One story Quaker parents love to tell their kids is about this time when some native Americans (so-called Indians) barged into a Quaker meeting, tomahawks drawn, looks to kill. The navams were there to rumble, to get rough with the pale faced occupiers who were turning their lives inside out. Well, the story goes, the Quakers just sat there in silent worship, per standard practice, radiating a sense of peace and spiritual depth (OK, some were scared witless, let's be honest). The Injuns "got it" immediately; yeah, Spirit, cool. They sat down amidst the Quakers and together they had a gathered meeting. One imagines a potluck ensued, but the story basically fades out at this point.
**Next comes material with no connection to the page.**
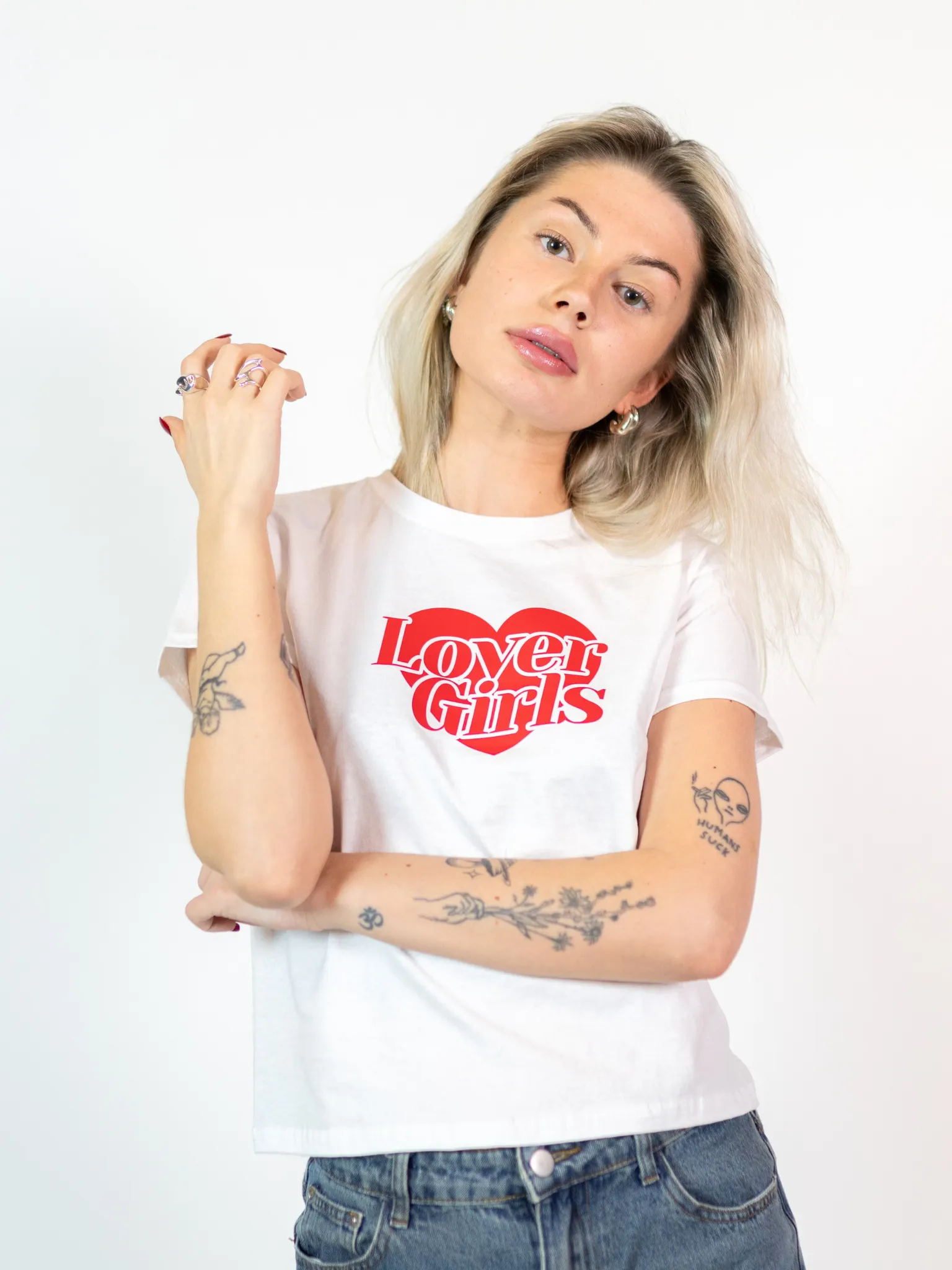 LOVER GIRLS, BABY TEE - VIT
Now, the point of this story is not that Quakers were skillfull at converting heathen to Christianity. On the contrary, the point is that Quakers are very clear that humans have this power to attend to the Spirit -- this is part of the generic design. This power is strongly expressed in many traditions, and certainly in pre-colonial North America. What happened, when anglos and natives worshipped together, was mutual recognition of that Inner Light within each individual. Buddhism calls it the Dharma, or Teaching. Personified, one might name it the Christ, or Inner Teacher (cite St. Augustine). In any case, all theology aside, the point of this story is my brand of Quaker considers the Spirit to be essentially innocent of religion and denomination, and all the attending claptrap. Humans (sometimes very gifted) invent these various brands, as much in the religious sphere as in the commercial (and yes, Quaker Oats was our idea: Floyd Schmoe's grandmother gets the credit -- see Lives That Speak, ISBN 2-888305-32-0, pg. 116).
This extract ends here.